# Collected material:

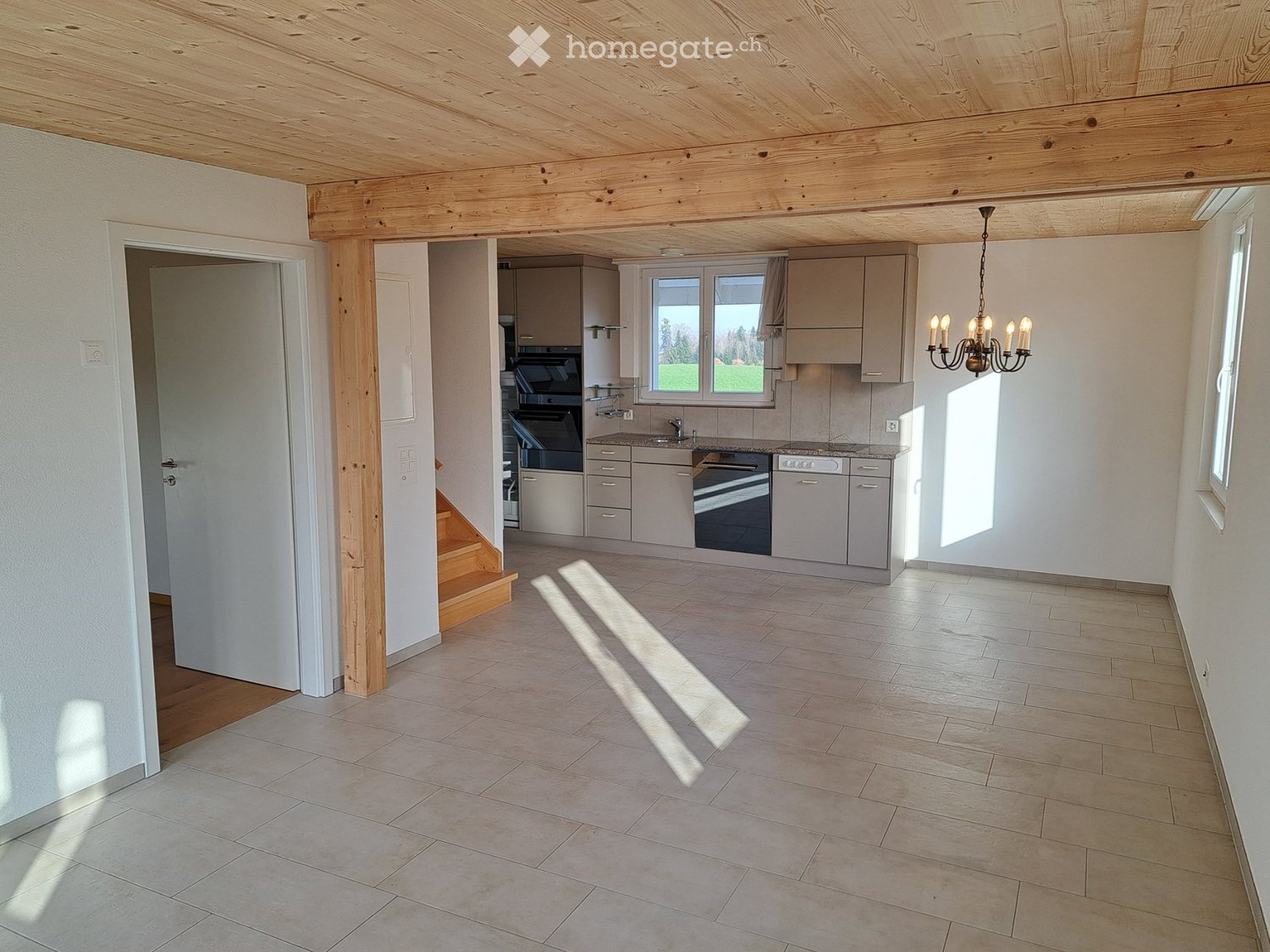 Charmanter 3.5-Zimmer-Hausteil 9315 Winden - Bild 3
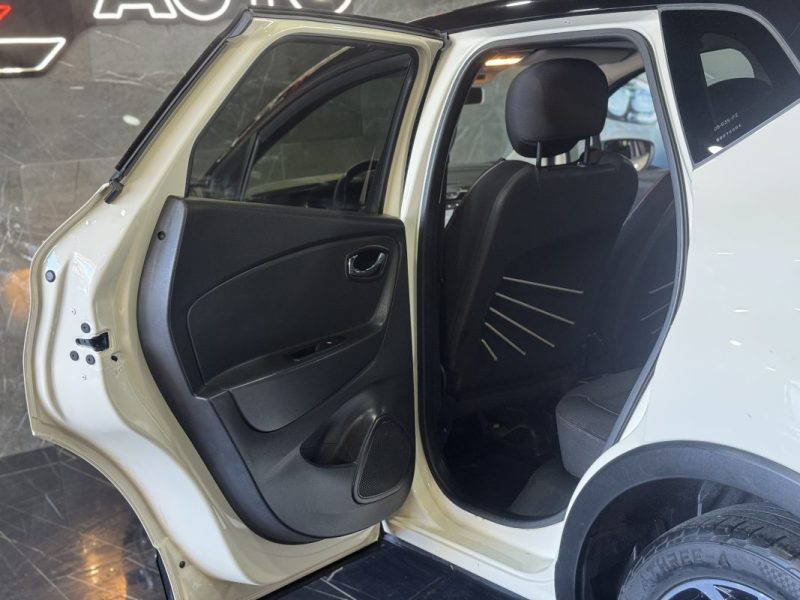 RENAULT CAPTUR 1.5 DCI 90CH STOP&START ENERGY LIFE ECO² 2013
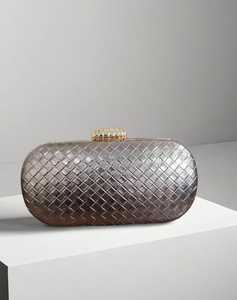 กระเป๋าคลัทช์แบบมีฝาปิดประดับด้วยลูกปัดหนังกลับแบบดั้งเดิมและประดับมุกสำหรับเจ้าสาวงานแต่งงานงานปาร์ตี้สลิงใช้จากอินเดีย - Product Image 3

# Task goal:
The expected output is the complete listing, word for word, without any picture.

# Completed exercise:
 Charmanter 3.5-Zimmer-Hausteil 9315 Winden - Bild 3
 RENAULT CAPTUR 1.5 DCI 90CH STOP&START ENERGY LIFE ECO² 2013
 กระเป๋าคลัทช์แบบมีฝาปิดประดับด้วยลูกปัดหนังกลับแบบดั้งเดิมและประดับมุกสำหรับเจ้าสาวงานแต่งงานงานปาร์ตี้สลิงใช้จากอินเดีย - Product Image 3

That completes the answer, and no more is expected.